The Hanworth Airfield was near her home in Ealing and she was a member of the Hanworth Flying Club. Her sister Lily’s oldest child, Hugh Willins was an aeronautical engineer, Alice had been instrumental in helping him to find employment at Hanworth in the difficult years of the 30s. Lily’s older daughter Pamela was married to Omar Ramsden’s son, an actor, though this marriage was annulled in due course. Pamela then married Hugh Buckingham, a Test Pilot who went on to become Managing Director of de Havilland. These are the closest connections found and they explain the choice of Omar Ramsden for the commission. Even today, members of the family have several of his pieces; dressing table sets and other items.

Alice seems to have been a strong minded and determined woman, looked upon as eccentric. She was physically very small and chain-smoked always, lighting one cigarette from another. She always smoked Park Drive, which are thought to be named after her as she lived at 6 Park Drive. Perhaps she knew someone in the tobacco world? In fact a mistake was made as she actually lived in Park Road. She only ever wore navy blue, with a touch of cream, and made all her own clothes, Lily’s granddaughter Teresa, the daughter of Pamela Buckingham, tells how Alice would walk up and down Kensington High Street with her to Derry and Toms’ to buy fabrics and help her make exotic clothes. She also warned Teresa that a particular boyfriend she had at the time was “attractive enough to be dangerous”.
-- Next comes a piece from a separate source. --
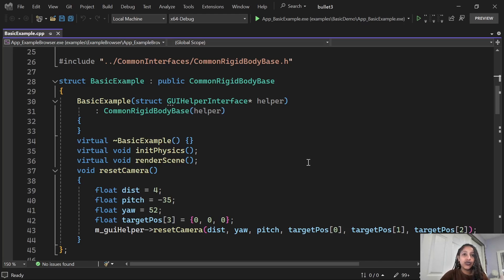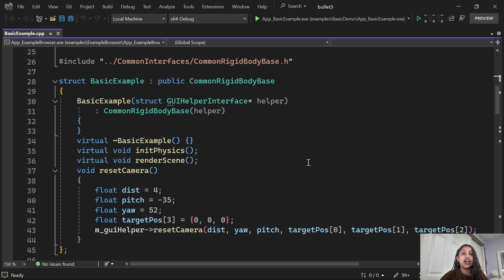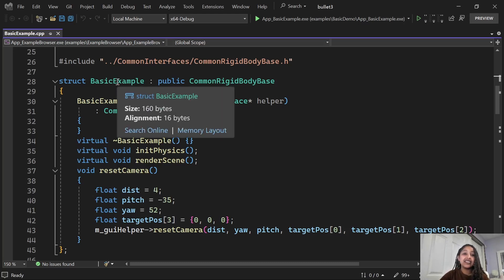In Visual Studio 2022 version 17.8, we introduced a feature that lets you easily see the size and alignment of your C++ classes, structs, unions, base types, and enums. This means you can quickly understand how much memory your data structures are taking up. In the past, you might have had to write extra code or use specific compiler switches to obtain this information. But now, as you can see in this example, you can simply hover over this struct to see its size and alignment in a quick info.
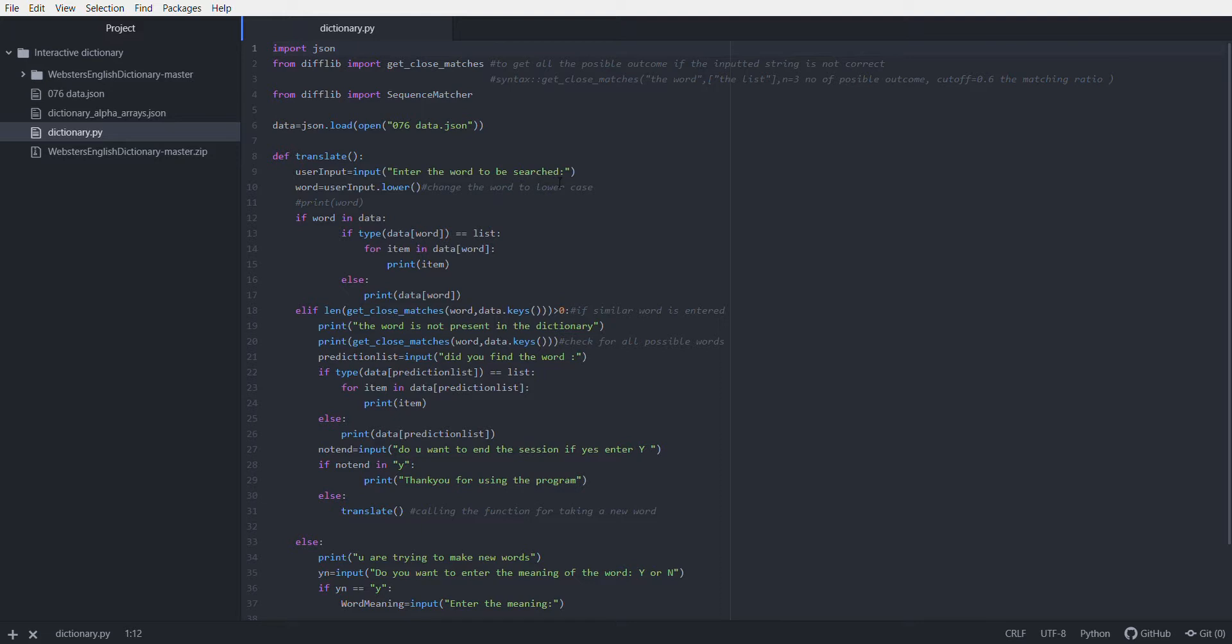The translate function will take input from the user, which can be in any uppercase or lowercase. So I am converting this into lowercase using user_input.lower. User_input is the variable and .lower function changes the word to lowercase.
It appears that Alice dominated her gentler sister Lily, though Lily was several years older, and when Lily was considering moving to Cromer where Alice already lived she told her son Hugh she would need him to protect her from Alice. Alice also dominated Isabel, another gentle lady, when she married Alice’s brother Percy. It seems Alice insisted on choosing all the furniture for the couple’s home, selecting heavy Victorian pieces which were not at all to Isabel’s more elegant taste. Alice’s own house in Cromer was filled with antiques, some of which had been in the Great Exhibition.
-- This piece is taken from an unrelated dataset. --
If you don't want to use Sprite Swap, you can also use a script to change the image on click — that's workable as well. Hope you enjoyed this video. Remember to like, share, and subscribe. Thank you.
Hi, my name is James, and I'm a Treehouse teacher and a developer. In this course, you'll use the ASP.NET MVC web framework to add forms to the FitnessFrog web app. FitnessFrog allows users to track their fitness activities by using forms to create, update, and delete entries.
Men seemed fascinated by Alice. Teresa tells how, a few years before she died in 1971, she brought home a man of about 50 who was very keen to marry her. Teresa’s father Hugh thought he was after her money and chased him away, Teresa remembers that it was all very dramatic and she felt sorry for her Aunt Alice.
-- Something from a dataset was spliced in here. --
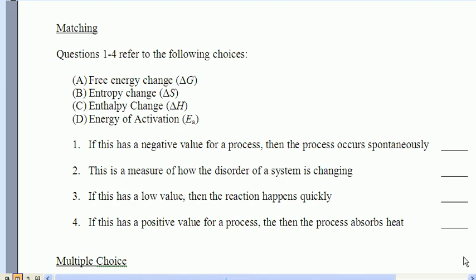I'll be starting with a clip that will review the multiple choice and matching section of the Unit 6 test, and then I will conclude with a clip which reviews the free response.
Alice achieved a great deal in her public life. Her father had died in 1920 when she was 31 and on the outbreak of war and bombing in 1939 Alice decided to move her mother Pamela, “the Mater”, to Cromer where they had often holidayed with other members of the family. In time Hugh and his family, and hers, Lily and George lived there also. In Cromer Alice started the Fisherman’s Benevolent Fund with the famous coxswain Henry Blogg to help local fishermen in times of poverty. She is still remembered in the town by some of the fishermens’ families. While still living in Ealing she had held events to raise money for the RNLI (Royal National Lifeboat Institute), including one year arranging for a Lifeboat to be drawn through the streets of suburban Ealing to increase awareness of their work. She did a great deal of work as Chairman of the West Middlesex Hospital. As the donor of the Omar Ramsden trophy, she was made an Honorary Life Member of the Guild of Air Pilots and Air Navigators and also made a Freeman of the City of London on 8 December 1960.

Alice died on 9 April 1971, just days before her 83rd birthday. She is buried in the family plot in Cromer, with her sister Lily and brother-in-law George and their daughter Sylvia, Alice and Lily’s mother Pamela. Her obituary appeared in the Eastern Daily Press 14 April 1971.